NASA had planned to complete 41 shuttle flights by this time, but only 19 mission have been completed. For all the precautions, there has still been trouble. Twice on the launch pad, for example, engines of the shuttle Discovery were shut down seconds before liftoff because of a faulty hydraulic valve in the fuel system. Most recently, a shadow was cast over the start of the Challenger mission when faulty sensors shut down one of the orbiter's three main engines after six minutes of flight.

The problems with the hydraulic system and the engine sensors highlight some of the challenges technicians face with maintaining the shuttle. Old workhorses of the NASA fleet, like the Saturn V Apollo rockets, were used only for one flight. ``We would launch and never recover them,'' recalls John J. (Tip) Talone, a squarely built, soft-spoken Tennessean who joined NASA at the start of the Apollo program and now oversees the ``flow'' of the Columbia and Discovery. ``Lots of times there may have been p arts that failed but we never discovered that because they all got dumped into the ocean.''

With the shuttle, technicians no longer have that luxury. Now they worry about the expected life cycle of many of these parts over several flights. The failed engine sensors of the Challenger, which had already been aboard four previous missions, present a problem that might never have surfaced in the older, one-shot rockets.

Likewise, tiny but critical turbine blades driving the hydraulic pumps have not been holding up as long as expected under the terrific shuttle engine blast. Originally, they were expected to last 55 missions.

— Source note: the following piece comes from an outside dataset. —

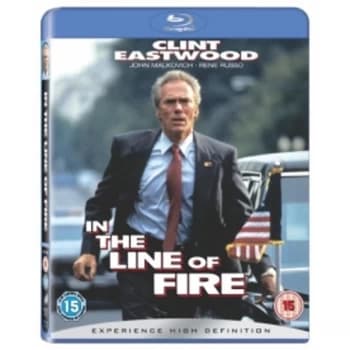 In the Line of Fire Bluray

Instead, the turbines are being replaced after four or five flights.

The shuttle systems provide myriad opportunties for mishaps and overtime work for people like Mr. Talone. Brakes on the shuttle are routinely destroyed during each landing. The onboard toilets usually misbehave. And there are 50 to 100 heat-shielding tiles on the shuttle's exterior that need to be replaced after every mission.

Yet NASA officials say that they are becoming accustomed enough to the shuttle's quirks so that each flow phase will cease to be a new adventure. It took 187 days to prepare Columbia for its second flight. The last voyage of Challenger required only 50 days of preparation.

NASA officials expect to do considerably better in a few years. With a fourth shuttle, the Atlantis, set to fly in October, NASA has requested appropriations to build a stripped-down third hangar, or Orbital Processing Facility, to park an orbiter while the two existing bays are full.

They also want to build a tile manufacturing facility at the space center to speed installation of the critical heat shielding. By the end of the year, a second shuttle launch facility is slated to be finished.

By 1987, NASA officials say they expect to trim the flow period to a routine 35 days. That achievement will mark the shuttle's emergence from the status of research program to fulfillment of its promise as a full-fledged space transportation system.